AZERBAIJAN’S HISTORICO‐GEOGRAPHICAL FALSIFICATIONS
A Cultural, Historical and Cartographic Study
Electronic edition
Most of the territory of today’s artificially formed Republic of Azerbaijan until the 10th to 12th centuries in Graeco-Roman and Armenian sources was named Aluank/Albania (on the left bank of the Kura River), in Arabic - Arran or Aran. This has no relationship to the European country of Albania. In this work whenever the name Albania is mentioned, it refers to Caucasian Albania.

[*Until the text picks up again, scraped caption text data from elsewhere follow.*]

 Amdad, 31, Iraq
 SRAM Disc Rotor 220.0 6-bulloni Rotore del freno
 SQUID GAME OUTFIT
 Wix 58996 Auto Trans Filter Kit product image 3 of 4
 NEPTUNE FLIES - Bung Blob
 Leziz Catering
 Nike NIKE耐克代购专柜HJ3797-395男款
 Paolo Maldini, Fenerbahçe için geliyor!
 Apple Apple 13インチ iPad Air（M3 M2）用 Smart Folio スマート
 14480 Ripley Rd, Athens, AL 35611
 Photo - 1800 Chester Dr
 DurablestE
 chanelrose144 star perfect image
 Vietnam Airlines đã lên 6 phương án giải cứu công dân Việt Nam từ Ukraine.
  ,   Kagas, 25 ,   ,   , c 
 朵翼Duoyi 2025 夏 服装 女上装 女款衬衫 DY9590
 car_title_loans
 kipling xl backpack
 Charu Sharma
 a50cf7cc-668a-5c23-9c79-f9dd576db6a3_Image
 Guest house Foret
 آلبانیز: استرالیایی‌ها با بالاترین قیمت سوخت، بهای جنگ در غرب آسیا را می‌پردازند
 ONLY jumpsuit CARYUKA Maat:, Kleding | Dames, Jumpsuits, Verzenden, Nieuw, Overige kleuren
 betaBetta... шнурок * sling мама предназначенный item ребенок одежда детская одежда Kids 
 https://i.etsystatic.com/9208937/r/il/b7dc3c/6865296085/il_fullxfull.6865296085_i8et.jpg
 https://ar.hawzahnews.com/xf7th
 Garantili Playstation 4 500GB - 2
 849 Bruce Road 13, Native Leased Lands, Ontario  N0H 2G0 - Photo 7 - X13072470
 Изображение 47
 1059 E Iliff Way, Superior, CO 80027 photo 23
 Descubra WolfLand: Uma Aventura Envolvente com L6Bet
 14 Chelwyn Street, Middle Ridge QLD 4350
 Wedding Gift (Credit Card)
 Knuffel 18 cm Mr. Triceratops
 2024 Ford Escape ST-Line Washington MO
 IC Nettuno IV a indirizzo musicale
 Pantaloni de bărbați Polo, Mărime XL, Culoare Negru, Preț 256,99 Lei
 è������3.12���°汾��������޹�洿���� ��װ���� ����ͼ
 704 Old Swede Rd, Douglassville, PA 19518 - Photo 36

In the mid 1918 the name “Azerbaijan” was given to an artificially formed “state” on the left bank of the Kura and in cis-Caspian region, in the eastern Transcaucasus, taking the name from the Iranian province of Azerbaijan (ancient Atropatene, according to Graeco-Roman sources-Atrpatakan in Armenian), in the north-west of Iran, to the south-east of Lake Urmia. This anomaly has given rise to a double meaning for the same name. In this book the name of the artificially formed state is referred to as the “Republic of Azerbaijan”, or in some cases simply “Azerbaijan”, while the Iranian province is called Iranian Azerbaijan. The territory of the present-day Republic of Azerbaijan includes the lands of historical Albania, which lay in the triangle formed by the course of the River Kura (the left bank), the western shores of the Caspian Sea and the mountains of the Great Caucasus Range. Here, in ancient times according to Strabo, lived 26 Albanian tribes. The western and southern neighbours of the Caucasian Albania at the time were the four provinces of Siunik, Utik, Artsakh and Paytakaran of Great Armenia on the right bank of the Kura.
In addition to detailing the officially-sponsored invention of modern Azerbaijani national identity, this book also looks at the various methodologies employed by Azerbaijani historians and geographers for their falsification of the documented pasts of Armenia and Iranian Azerbaijan.